The 69-year-old has been convicted of criminal damage to the prehistoric stone circle at Carrig, Blessington.

A RETIRED GARDA is likely to have “removed and disturbed human remains” when he damaged a Bronze Age burial mound in County Wicklow, a court has heard.

Tony (also known as Thomas) Hand, aged 69, had denied interfering with the national monument at Carrig, Blessington by taking stones from the protected site on the night of 4 May, 2011.

However following a week-long trial at Bray Circuit Court, he was convicted yesterday of criminal damage to the prehistoric stone circle.

It took the jury just over three hours to return a majority guilty verdict of 10 to 2.

Judge Gerard Griffin remanded Hand, with an address at Carrig, Blessington, on continuing bail for sentencing on Friday, February 20.

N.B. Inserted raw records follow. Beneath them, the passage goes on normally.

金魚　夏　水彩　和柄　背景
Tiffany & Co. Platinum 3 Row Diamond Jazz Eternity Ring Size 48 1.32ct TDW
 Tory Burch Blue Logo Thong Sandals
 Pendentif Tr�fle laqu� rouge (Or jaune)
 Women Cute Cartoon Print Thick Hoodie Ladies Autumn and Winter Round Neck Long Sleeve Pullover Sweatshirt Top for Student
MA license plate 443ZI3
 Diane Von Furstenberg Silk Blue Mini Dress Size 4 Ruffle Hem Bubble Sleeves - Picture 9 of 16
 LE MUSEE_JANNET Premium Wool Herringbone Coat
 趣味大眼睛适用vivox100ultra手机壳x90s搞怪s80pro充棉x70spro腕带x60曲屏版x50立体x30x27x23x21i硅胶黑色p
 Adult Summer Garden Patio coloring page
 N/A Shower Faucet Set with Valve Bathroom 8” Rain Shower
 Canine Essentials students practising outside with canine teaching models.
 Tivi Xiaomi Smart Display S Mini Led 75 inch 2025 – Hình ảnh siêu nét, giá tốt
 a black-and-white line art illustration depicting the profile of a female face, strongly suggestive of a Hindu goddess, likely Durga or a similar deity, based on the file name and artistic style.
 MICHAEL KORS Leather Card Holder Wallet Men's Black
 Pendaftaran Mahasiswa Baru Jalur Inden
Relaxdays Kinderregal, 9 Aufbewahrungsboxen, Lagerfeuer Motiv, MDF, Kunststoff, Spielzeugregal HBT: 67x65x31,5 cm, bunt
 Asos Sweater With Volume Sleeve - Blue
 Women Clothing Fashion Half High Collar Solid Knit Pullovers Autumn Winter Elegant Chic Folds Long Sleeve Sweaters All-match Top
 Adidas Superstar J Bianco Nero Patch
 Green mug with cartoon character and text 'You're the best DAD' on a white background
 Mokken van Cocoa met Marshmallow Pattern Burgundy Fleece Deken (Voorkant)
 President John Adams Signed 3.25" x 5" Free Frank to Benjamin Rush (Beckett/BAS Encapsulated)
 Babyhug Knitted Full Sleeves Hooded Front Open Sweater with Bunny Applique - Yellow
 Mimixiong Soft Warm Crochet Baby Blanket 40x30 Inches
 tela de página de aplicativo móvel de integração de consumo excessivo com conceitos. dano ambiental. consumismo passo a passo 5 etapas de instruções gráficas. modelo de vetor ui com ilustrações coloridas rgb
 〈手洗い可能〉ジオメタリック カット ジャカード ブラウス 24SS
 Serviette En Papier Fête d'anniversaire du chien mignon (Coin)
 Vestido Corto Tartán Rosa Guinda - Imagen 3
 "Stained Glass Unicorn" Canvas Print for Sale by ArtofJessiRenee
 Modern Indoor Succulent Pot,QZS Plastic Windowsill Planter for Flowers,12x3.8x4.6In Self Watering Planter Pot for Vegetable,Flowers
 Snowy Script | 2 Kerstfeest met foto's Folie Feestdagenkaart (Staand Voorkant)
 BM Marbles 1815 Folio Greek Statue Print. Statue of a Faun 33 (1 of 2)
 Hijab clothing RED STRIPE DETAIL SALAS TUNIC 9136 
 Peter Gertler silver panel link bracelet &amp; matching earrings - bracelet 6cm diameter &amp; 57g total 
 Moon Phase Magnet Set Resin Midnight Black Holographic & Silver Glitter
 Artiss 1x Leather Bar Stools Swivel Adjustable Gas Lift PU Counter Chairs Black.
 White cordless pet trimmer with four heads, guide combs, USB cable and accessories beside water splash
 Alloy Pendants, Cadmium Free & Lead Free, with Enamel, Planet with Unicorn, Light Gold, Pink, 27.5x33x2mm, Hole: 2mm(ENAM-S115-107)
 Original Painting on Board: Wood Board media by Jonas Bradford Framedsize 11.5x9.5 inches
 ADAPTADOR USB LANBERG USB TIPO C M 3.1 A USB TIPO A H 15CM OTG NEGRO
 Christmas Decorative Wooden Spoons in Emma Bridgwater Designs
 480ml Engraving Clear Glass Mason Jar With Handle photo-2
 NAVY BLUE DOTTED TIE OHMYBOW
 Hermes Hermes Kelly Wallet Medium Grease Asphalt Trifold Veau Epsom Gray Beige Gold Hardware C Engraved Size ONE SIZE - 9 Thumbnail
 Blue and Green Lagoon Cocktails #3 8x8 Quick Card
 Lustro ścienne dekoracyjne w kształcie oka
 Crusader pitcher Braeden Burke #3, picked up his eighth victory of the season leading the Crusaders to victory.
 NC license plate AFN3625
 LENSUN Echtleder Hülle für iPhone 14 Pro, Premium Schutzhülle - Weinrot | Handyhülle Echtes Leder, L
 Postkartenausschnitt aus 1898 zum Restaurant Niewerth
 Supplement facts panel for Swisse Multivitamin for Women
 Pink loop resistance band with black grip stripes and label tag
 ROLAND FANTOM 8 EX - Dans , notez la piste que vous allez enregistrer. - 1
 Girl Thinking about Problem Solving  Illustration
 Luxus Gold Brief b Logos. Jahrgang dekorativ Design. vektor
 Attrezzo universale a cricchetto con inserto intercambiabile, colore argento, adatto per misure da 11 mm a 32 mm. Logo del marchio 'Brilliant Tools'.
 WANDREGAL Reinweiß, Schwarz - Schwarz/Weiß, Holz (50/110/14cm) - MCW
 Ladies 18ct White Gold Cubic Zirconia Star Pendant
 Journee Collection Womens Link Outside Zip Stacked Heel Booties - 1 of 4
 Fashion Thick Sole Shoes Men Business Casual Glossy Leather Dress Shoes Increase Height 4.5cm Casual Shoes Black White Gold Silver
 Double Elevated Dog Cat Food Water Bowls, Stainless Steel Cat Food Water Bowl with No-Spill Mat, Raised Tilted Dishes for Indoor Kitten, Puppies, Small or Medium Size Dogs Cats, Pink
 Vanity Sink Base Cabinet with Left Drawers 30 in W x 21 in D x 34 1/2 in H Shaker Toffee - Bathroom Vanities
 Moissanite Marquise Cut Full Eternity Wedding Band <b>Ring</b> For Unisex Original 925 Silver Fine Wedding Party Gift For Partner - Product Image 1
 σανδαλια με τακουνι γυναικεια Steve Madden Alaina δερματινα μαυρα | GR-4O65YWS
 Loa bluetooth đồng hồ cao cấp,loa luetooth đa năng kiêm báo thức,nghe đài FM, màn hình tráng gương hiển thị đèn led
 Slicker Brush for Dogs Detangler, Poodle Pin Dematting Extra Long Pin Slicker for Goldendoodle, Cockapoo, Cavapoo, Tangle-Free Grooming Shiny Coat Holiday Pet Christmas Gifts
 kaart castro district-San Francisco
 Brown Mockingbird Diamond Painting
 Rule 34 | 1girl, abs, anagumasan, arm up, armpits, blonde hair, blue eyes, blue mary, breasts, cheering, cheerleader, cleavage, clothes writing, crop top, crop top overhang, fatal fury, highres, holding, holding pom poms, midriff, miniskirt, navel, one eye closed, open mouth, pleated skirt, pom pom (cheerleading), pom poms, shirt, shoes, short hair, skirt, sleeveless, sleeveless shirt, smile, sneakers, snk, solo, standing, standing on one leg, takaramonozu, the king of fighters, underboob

Archeologist Chris Corlett told the court he visited the site on May 6, 2011 and noticed obvious disturbances within the burial chamber and that stones had been recently dislodged and moved.

“There is a strong likelihood that human remains had been removed and disturbed and that artefacts may have been removed,” he said. “The whole understanding of the monument was compromised.”

20 times

Mr Corlett told Paul Murray BL, prosecuting, that he had visited the 4,000-year-old site over 20 times in the last decade.

He said there was evidence of at least one burial chamber or compartment which would have contained urns of the cremated remains of local people buried over thousands of years and their accompanying “grave goods”.

“We could expect to find highly-decorated pottery food vessels, amber beads and metal artefacts of very rare and international significance,” said Mr Corlett.

The site is protected under the National Monuments Act by a Preservation Order laid down by former Environment Minister Dick Roche in 2005.

Four local residents gave evidence that they saw Hand removing stones from the monument shortly before 7:30pm on the night in question.

One eye-witness said he saw Hand swinging a pick-axe, stooping to lift up stones and carrying wheelbarrow loads of stones from the monument to the bottom of the field.

“He wasn’t planting potatoes,” the witness said, under cross-examination from James Kelly BL, defending.

‘Steel on stone’

Another local woman told the court she heard the sound of “steel on stone” and saw Hand hefting large stones from the circle into a barrow and carting them away.

Garda Paul Dowling said he was called to the scene on the night and saw freshly-disturbed soil and a large stone in the centre of the mound that had been recently broken into four.

Gardaí also saw a track worn away consistent with a wheelbarrow from the monument to a corner of the field, where they found a stone with fresh earth on it.

Garda Fintan Hennessy said Hand was arrested on by appointment in February 2012 and denied damaging the monument.

Hand told gardaí he had been in the field on the night, 150 yards away from the ring-fort, wheeling loose field stones in a wheelbarrow.

He said he had not sought ministerial permission to work on the site “because it wasn’t necessary”.

Hand told the gardaí he had bought the land “as a hobby” for the purpose of “planting and nurturing trees”.

Judge Griffin thanked the jury of eight men and four women for their conscientous attention and discharged them from further jury duty for five years.